**TASK PROMPT:**
Retype, word for word, every line starting at the line with "Dolphins Sea Turtle" and ending with the final line of the entries; skip the pictures.

**DATASET RECORDS:**
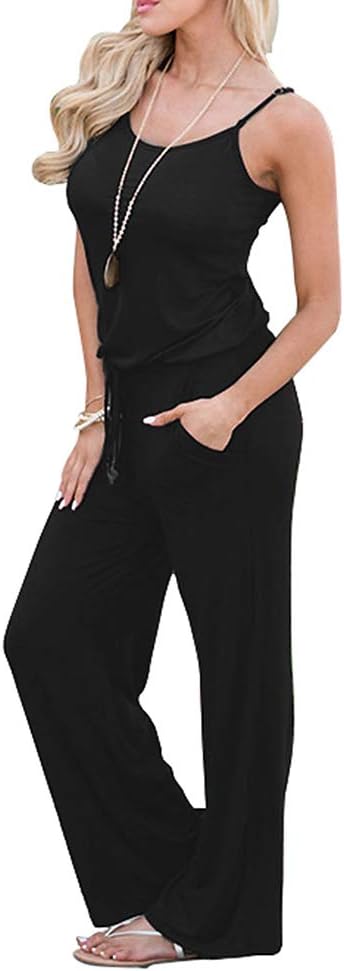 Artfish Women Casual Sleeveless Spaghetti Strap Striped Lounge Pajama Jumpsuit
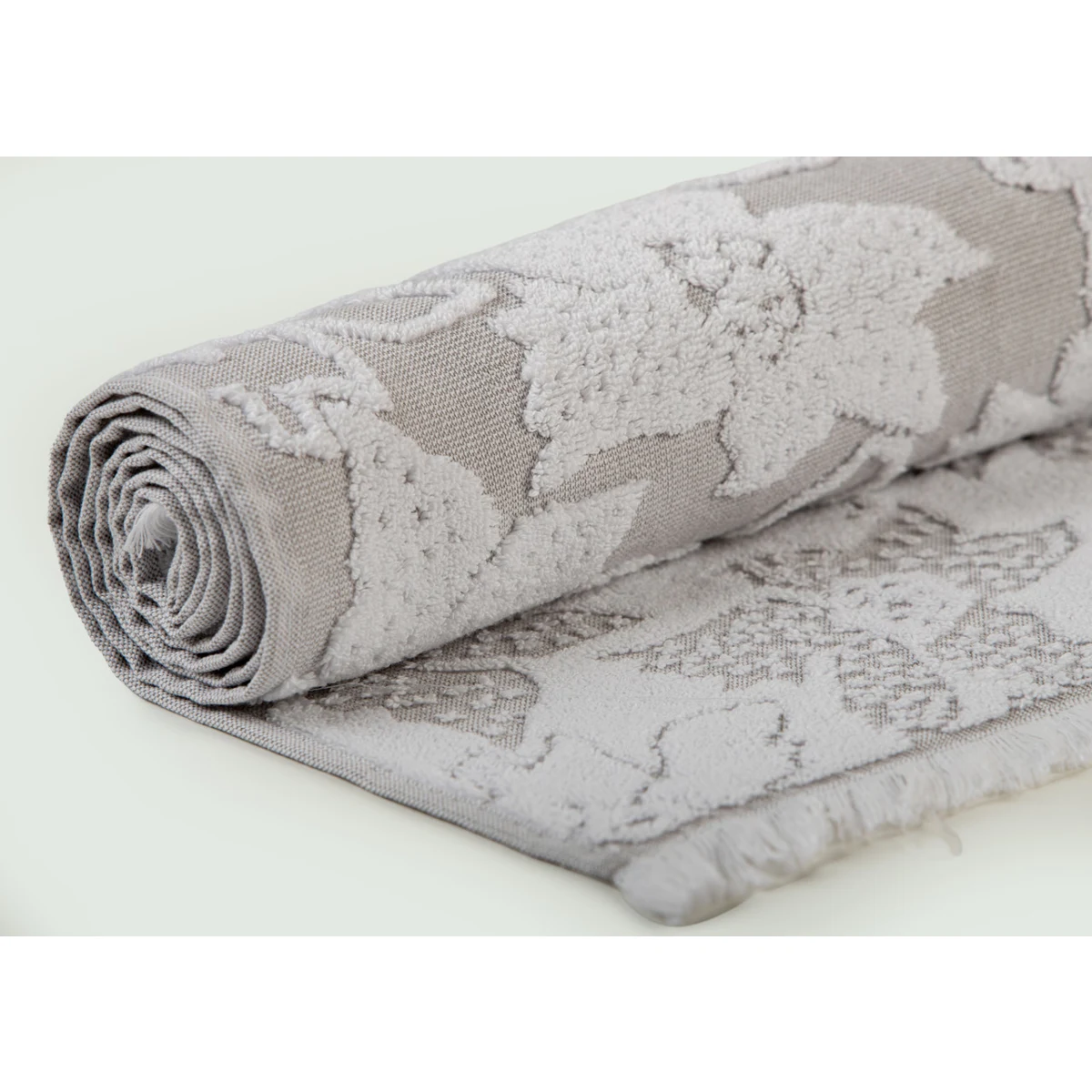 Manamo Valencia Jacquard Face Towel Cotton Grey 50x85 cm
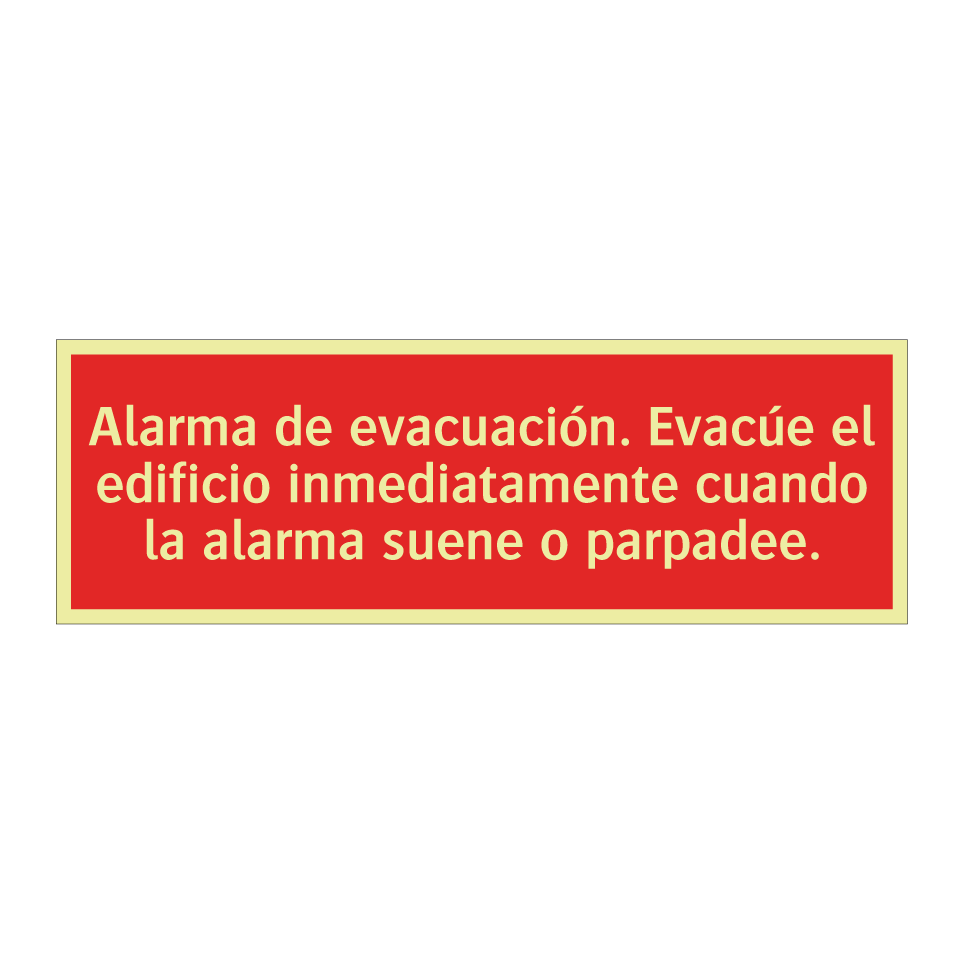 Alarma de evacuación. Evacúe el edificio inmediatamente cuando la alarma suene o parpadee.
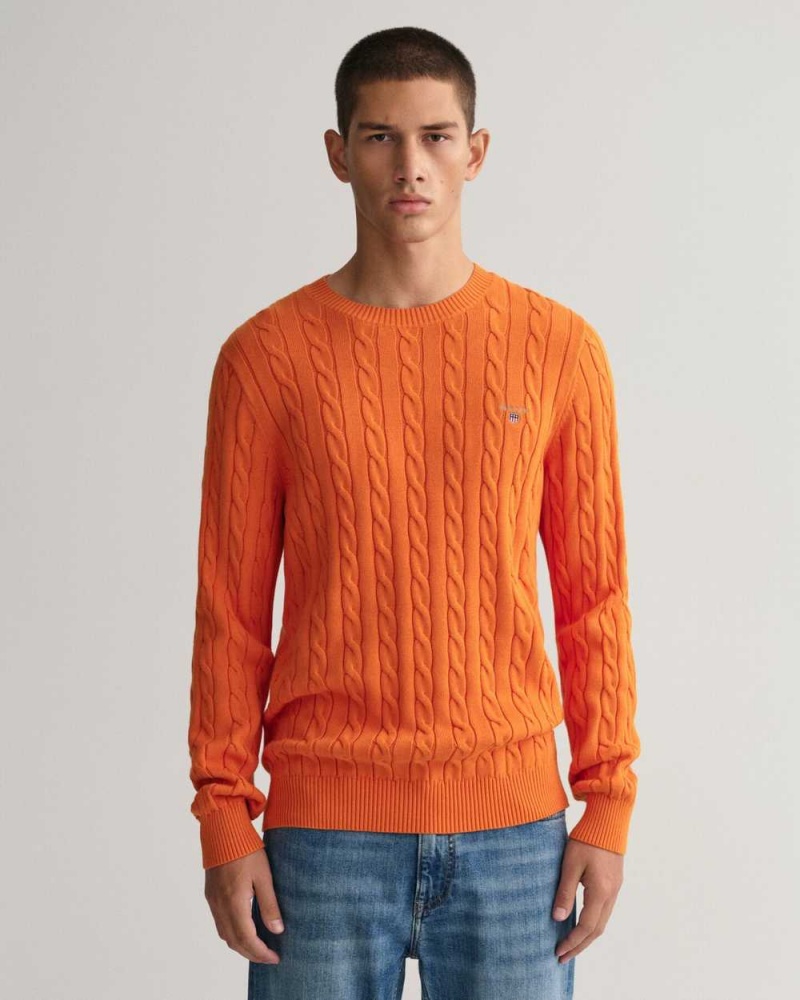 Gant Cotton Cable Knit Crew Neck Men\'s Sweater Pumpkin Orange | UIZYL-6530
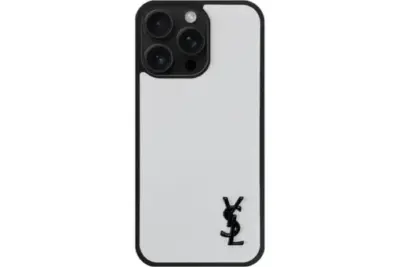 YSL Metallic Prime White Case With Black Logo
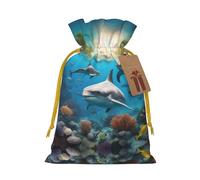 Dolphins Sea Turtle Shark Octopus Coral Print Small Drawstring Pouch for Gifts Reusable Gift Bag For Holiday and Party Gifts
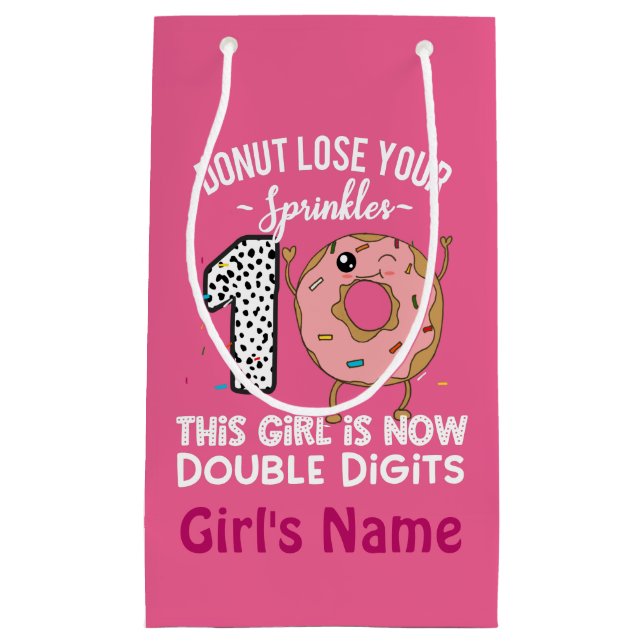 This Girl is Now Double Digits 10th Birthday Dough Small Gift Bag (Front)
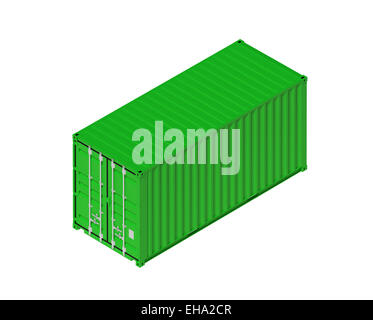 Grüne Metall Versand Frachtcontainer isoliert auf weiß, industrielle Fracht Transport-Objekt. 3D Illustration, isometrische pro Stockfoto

**THE ANSWER:**
 Dolphins Sea Turtle Shark Octopus Coral Print Small Drawstring Pouch for Gifts Reusable Gift Bag For Holiday and Party Gifts
 This Girl is Now Double Digits 10th Birthday Dough Small Gift Bag (Front)
 Grüne Metall Versand Frachtcontainer isoliert auf weiß, industrielle Fracht Transport-Objekt. 3D Illustration, isometrische pro Stockfoto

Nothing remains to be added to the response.